Po gładko przegranym pierwszym secie, w dwóch kolejnych ze świetnej strony pokazali się siatkarze BBTS. Najbliżej wygrania seta bielski zespół był w drugiej partii spotkania.

O pierwszej odsłonie rywalizacji podopieczni Piotra Gruszki będą chcieli jak najszybciej zapomnieć. Bielszczanie mieli spory problem z przyjęciem zagrywki gospodarzy. Resovia szybko odskoczyła na kilka punktów, których nie oddała już do końca seta. W drugiej części spotkania rzeszowianie szybko wypracowali sobie przewagę (17:13), ale w końcówce to BBTS był stroną dyktującą warunki gry.

W samej końcówce drugiego seta zespół z Bielska-Białej zablokował Rafała Buszka i objął nawet prowadzenie (21:20). Końcówcka ponownie należała jednak do wicemistrzów Polski, którzy skutecznymi atakami zdobyli decydujące punkty.

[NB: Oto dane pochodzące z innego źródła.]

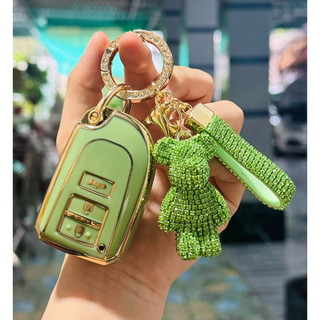 m Ốp Chìa khóa Toyuta Vios Yaris   Vios G Vios E 2022 Vios Ncp Yaris G 2024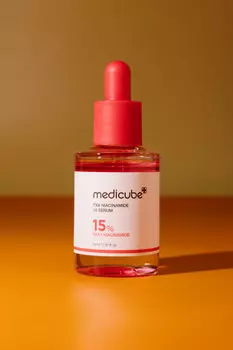 Сыворотка для ровного тона medicube TXA Niacinamide 15% Serum 30ml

Trzecia partia długo toczyła się pod dyktando gości (14:16). Po drugiej przerwie technicznej trzy punkty zdobył Buszek, który poprowadził zespół do wygranej. Po przeciwnej stronie siatki pozytywnie zaprezentował się Kamil Kwasowski.

Asseco Resovia Rzeszów - BBTS Bielsko-Biała 3:0 (25:15, 25:23, 25:19)
BBTS: Ferens, Pilarz, Bućko, Buniak, Sobala, Kwasowski, Czauderna (libero) oraz Błoński, Neroj, Kapelus.